● WHAT THE TASK REQUIRES: Transcribe the lines below exactly, beginning with the line that holds "Tradeflame Professional Inferno" and ending with the final line, both included. Pictures are to be left out.

● RECORDS FOR THE TASK:
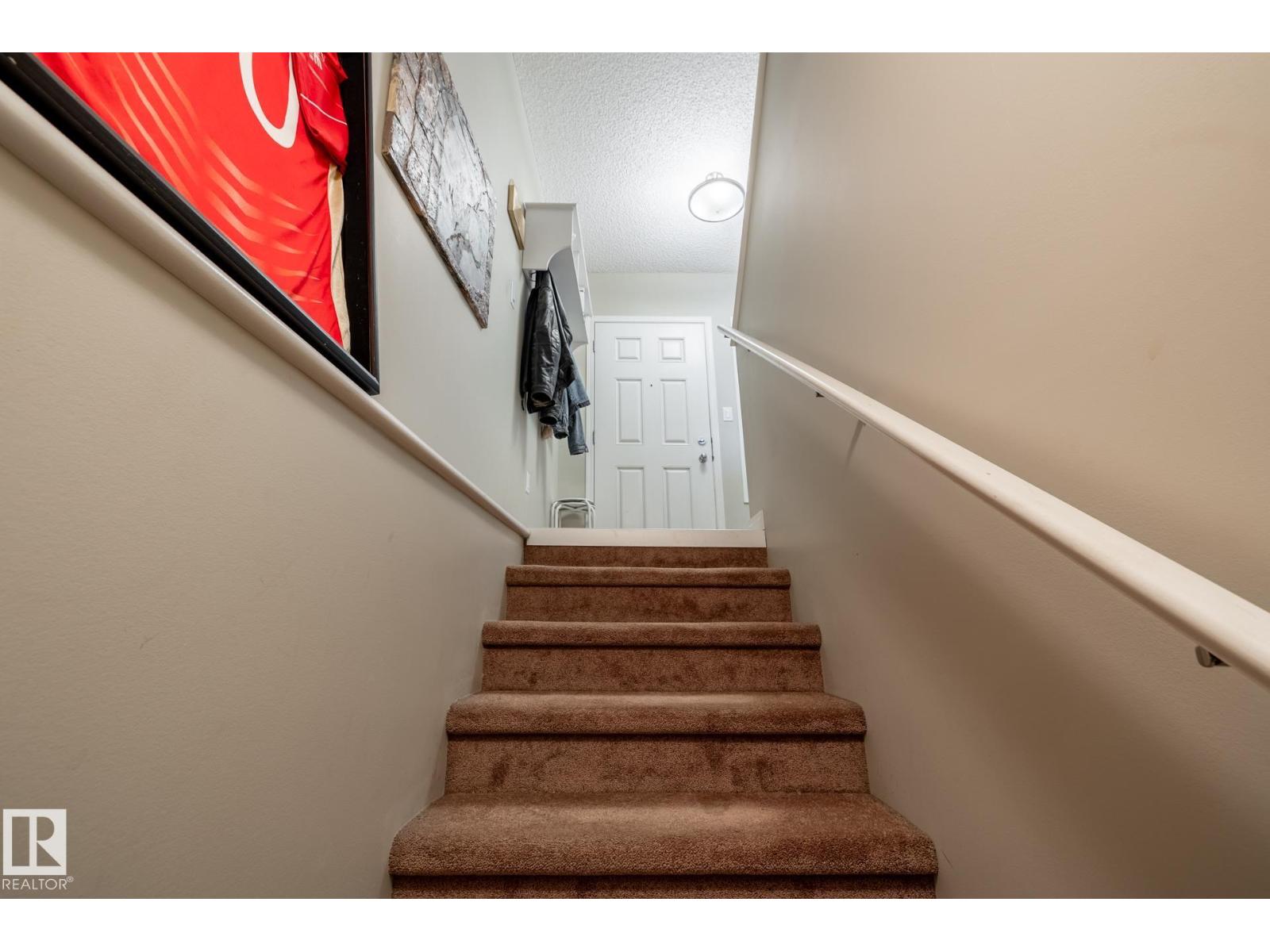 2093 Chalmers Wy Sw Property Photo 30
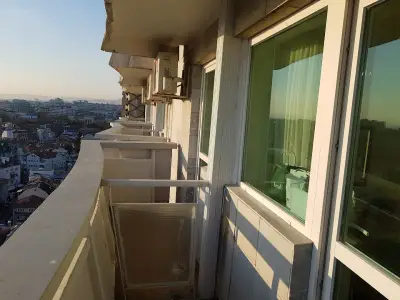 Клуб „Джокерс“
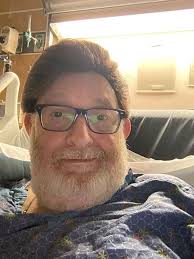 My truck has been needing You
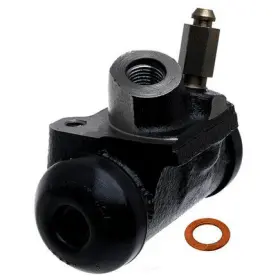 Acdelco 18e495 Rear Passenger Side Drum Brake Wheel Cylinder Assembly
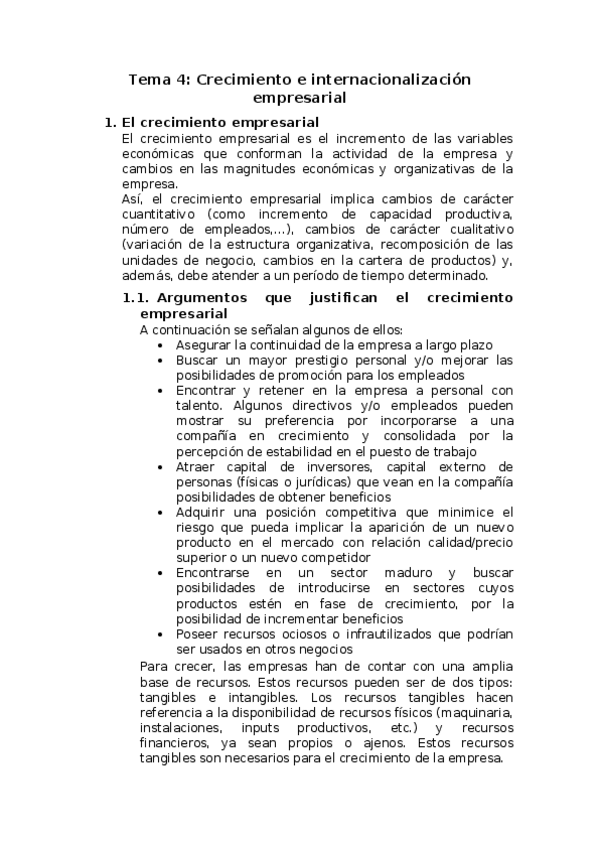 Miniatura del documento Tema-4.docx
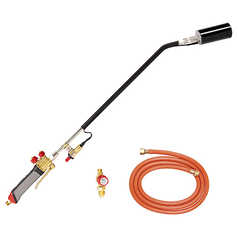 Tradeflame Professional Inferno Burner - Propane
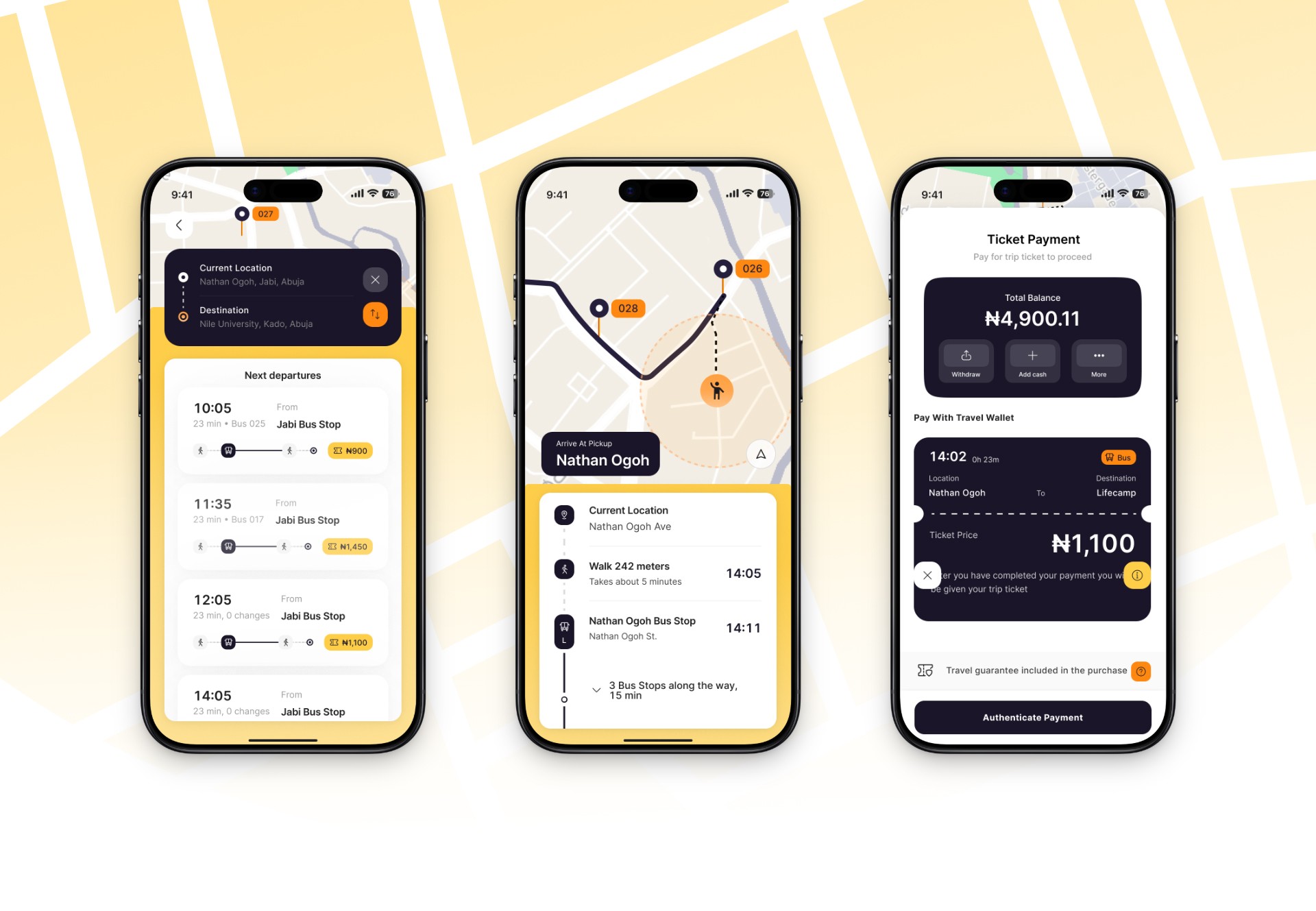 ui/ux-designer-design-mobile-app-website-product-designer-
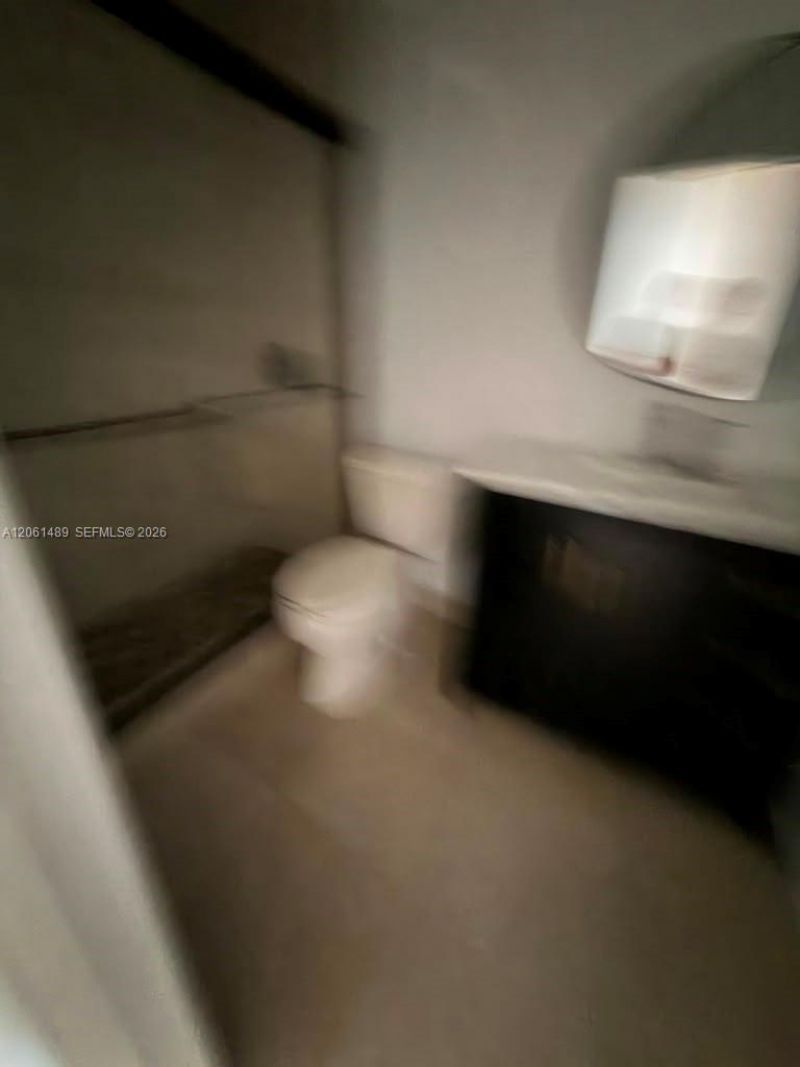 6645 Franklin St , Unit 1, Hollywood, FL 33024 Photo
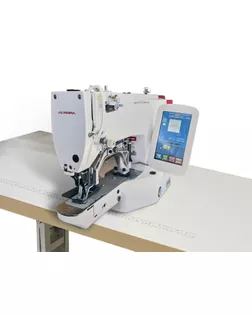 Aurora А-40N (Голова) арт. КНИТ-3914-1-КНИТ00939812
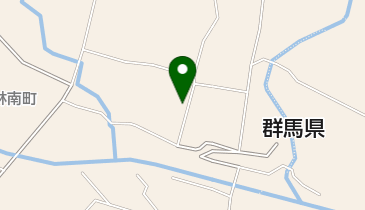 maa honey Shop & rooms(マー ハニー ショップ アンド ルームズ)の地図画像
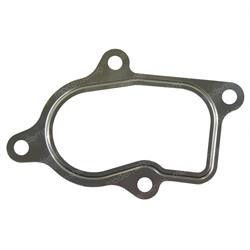 6691588: Aftermarket Bobcat Gasket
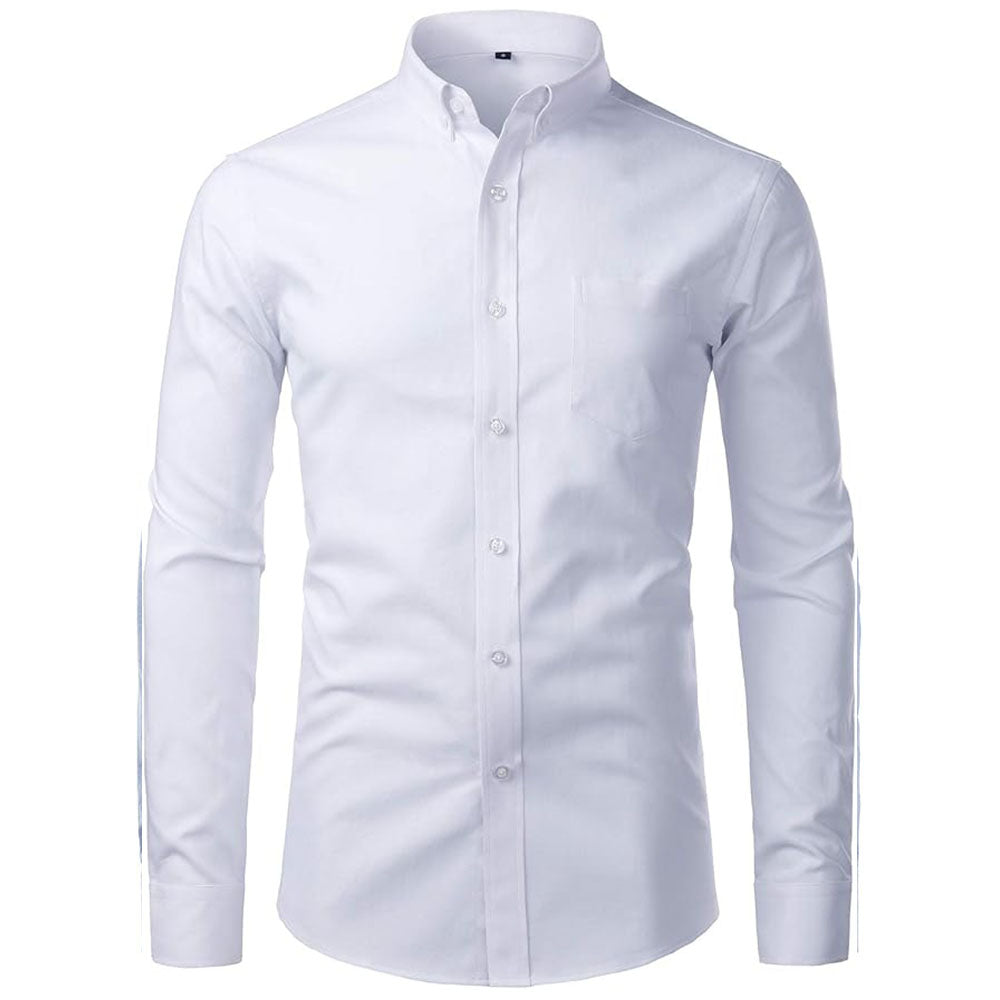 Wolder Cotton  Shirt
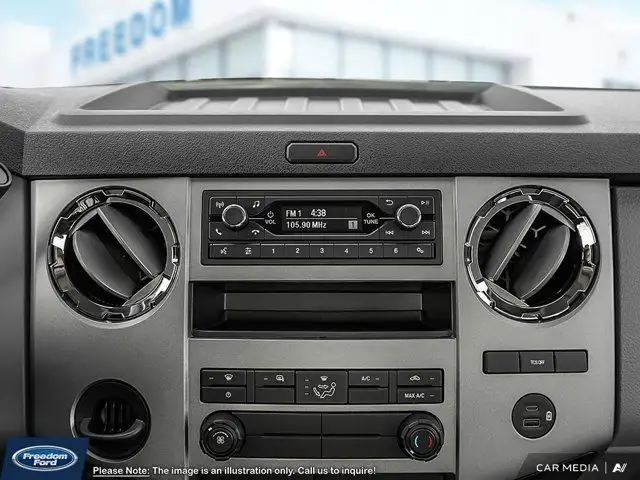 2024 FORD F650 Pro Loader | Crew Cab in Cars & Trucks in Edmonton - Image 21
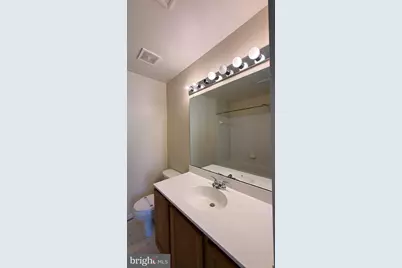 4515 Papillion Court, Fredericksburg, VA 22408 - Photo 11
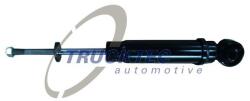 Trucktec Automotive Amortizor, suspensie cabina TRUCKTEC AUTOMOTIVE 04.30. 027 (04.30.027) - automobilus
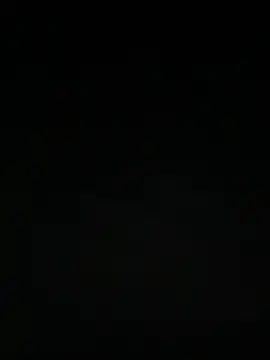 khayaal online show from 02.13.26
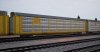 TSW2_David_1642104262_00.jpg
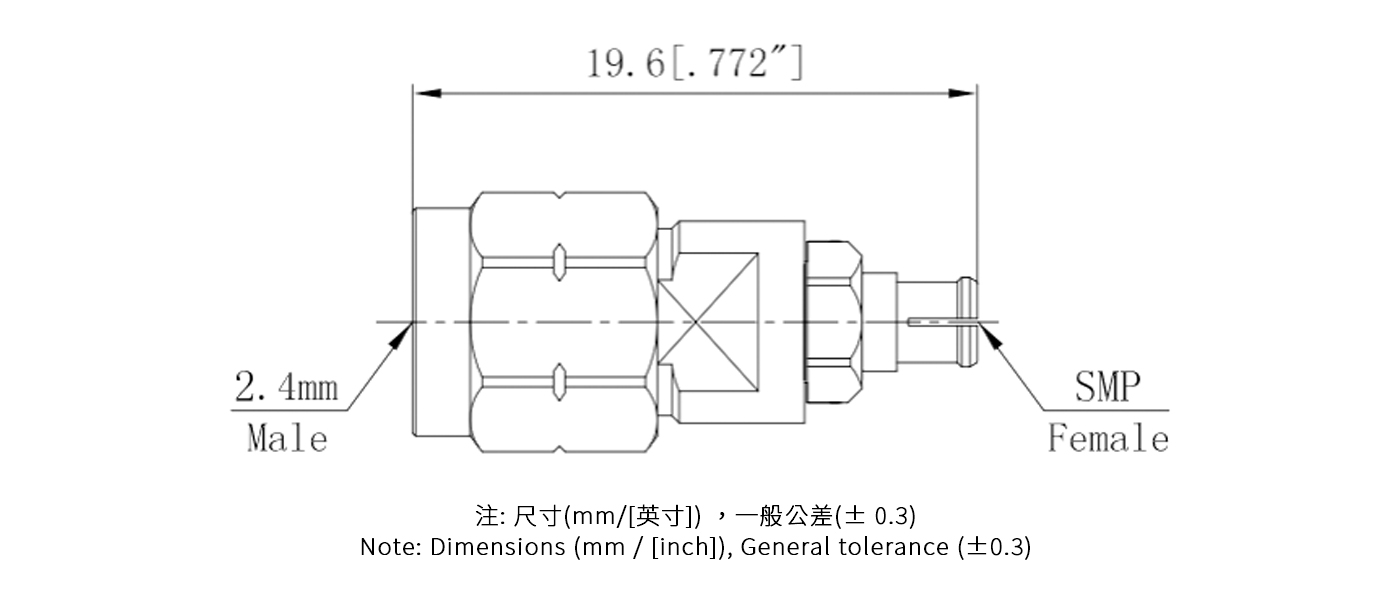 產(chǎn)品規(guī)格.jpg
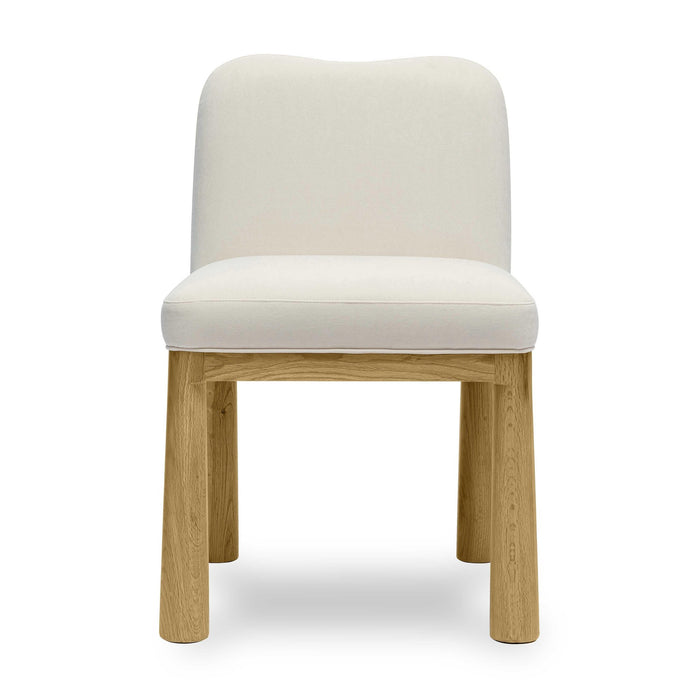 tiara-cream-performance-velvet-oak-dining-chair-3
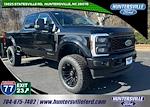 2024 Ford F-250 Crew Cab 4x4 Pickup for sale #HFPC50118 - photo 1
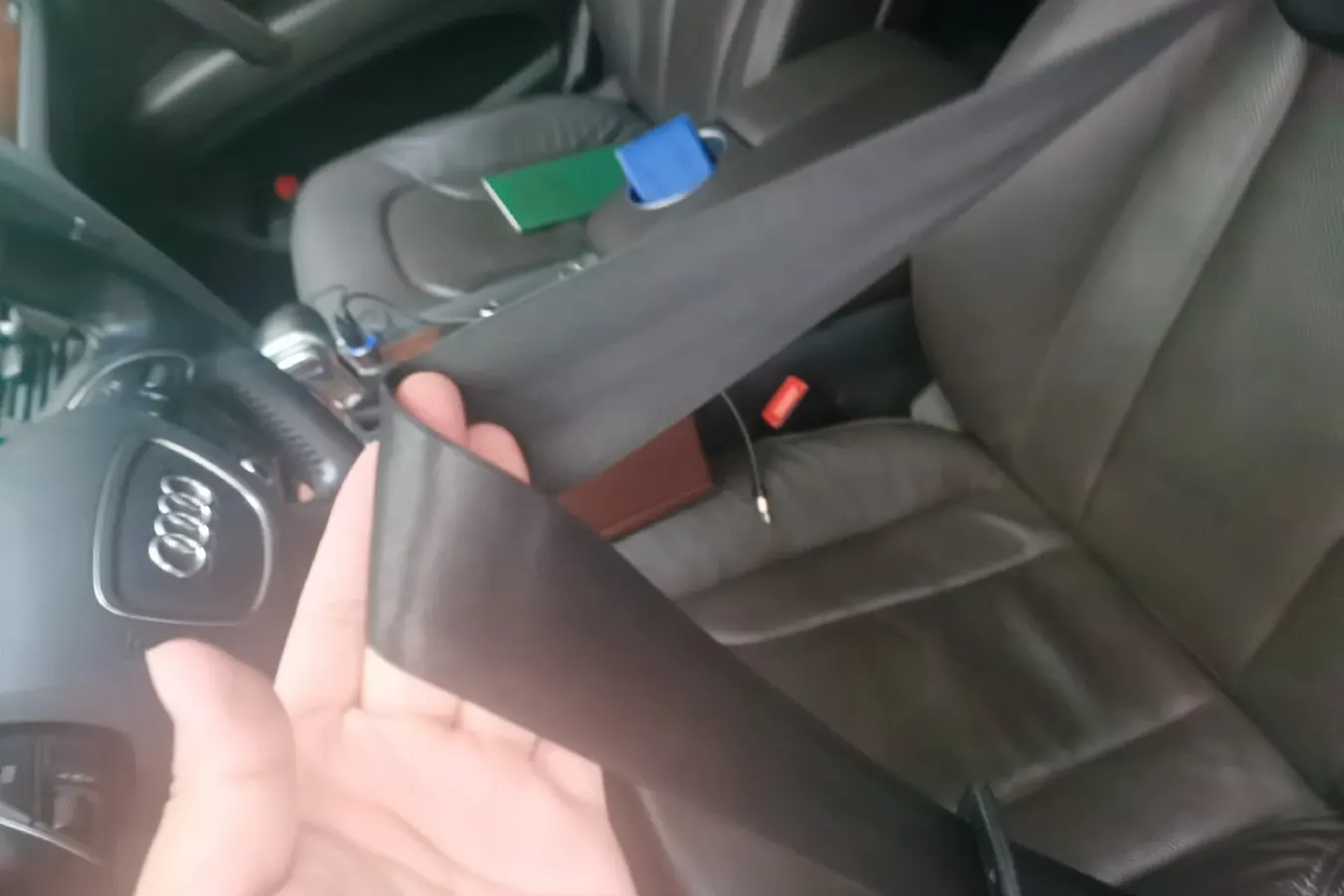 2015 Audi Q7 3.0T 333HP V6 8AT,autocango,china used car exporter,china ev exporter,chinese used car exporter,chinese used ev exporter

● WRITTEN SOLUTION:
 Tradeflame Professional Inferno Burner - Propane
 ui/ux-designer-design-mobile-app-website-product-designer-
 6645 Franklin St , Unit 1, Hollywood, FL 33024 Photo
 Aurora А-40N (Голова) арт. КНИТ-3914-1-КНИТ00939812
 maa honey Shop & rooms(マー ハニー ショップ アンド ルームズ)の地図画像
 6691588: Aftermarket Bobcat Gasket
 Wolder Cotton  Shirt
 2024 FORD F650 Pro Loader | Crew Cab in Cars & Trucks in Edmonton - Image 21
 4515 Papillion Court, Fredericksburg, VA 22408 - Photo 11
 Trucktec Automotive Amortizor, suspensie cabina TRUCKTEC AUTOMOTIVE 04.30. 027 (04.30.027) - automobilus
 khayaal online show from 02.13.26
 TSW2_David_1642104262_00.jpg
 產(chǎn)品規(guī)格.jpg
 tiara-cream-performance-velvet-oak-dining-chair-3
 2024 Ford F-250 Crew Cab 4x4 Pickup for sale #HFPC50118 - photo 1
 2015 Audi Q7 3.0T 333HP V6 8AT,autocango,china used car exporter,china ev exporter,chinese used car exporter,chinese used ev exporter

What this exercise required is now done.